24.6 Avoiding copies
A pernicious source of slow R code is growing an object with a loop. Whenever you use c(), append(), cbind(), rbind(), or paste() to create a bigger object, R must first allocate space for the new object and then copy the old object to its new home. If you’re repeating this many times, like in a for loop, this can be quite expensive. You’ve entered Circle 2 of the R inferno.
You saw one example of this type of problem in Section 23.2.2, so here I’ll show a slightly more complex example of the same basic issue. We first generate some random strings, and then combine them either iteratively with a loop using collapse(), or in a single pass using paste(). Note that the performance of collapse() gets relatively worse as the number of strings grows: combining 100 strings takes almost 30 times longer than combining 10 strings.
random_string <- function() {
paste(sample(letters, 50, replace = TRUE), collapse = "")
}
strings10 <- replicate(10, random_string())
strings100 <- replicate(100, random_string())
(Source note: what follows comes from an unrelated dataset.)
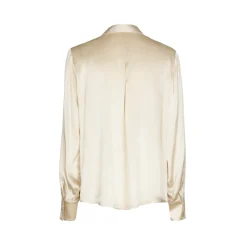 Blouse met zijde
collapse <- function(xs) {
out <- ""
for (x in xs) {
out <- paste0(out, x)
}
out
}
bench::mark(
loop10 = collapse(strings10),
loop100 = collapse(strings100),
vec10 = paste(strings10, collapse = ""),
vec100 = paste(strings100, collapse = ""),
check = FALSE
)[c("expression", "min", "median", "itr/sec", "n_gc")]
#> # A tibble: 4 x 4
#> expression min median `itr/sec`
#> <bch:expr> <bch:tm> <bch:tm> <dbl>
#> 1 loop10 27.95µs 30.31µs 32282.
#> 2 loop100 681.4µs 706.48µs 1410.
#> 3 vec10 5.68µs 5.93µs 163946.
#> 4 vec100 37.85µs 39.03µs 25399.Modifying an object in a loop, e.g., x[i] <- y, can also create a copy, depending on the class of x. Section 2.5.1 discusses this issue in more depth and gives you some tools to determine when you’re making copies.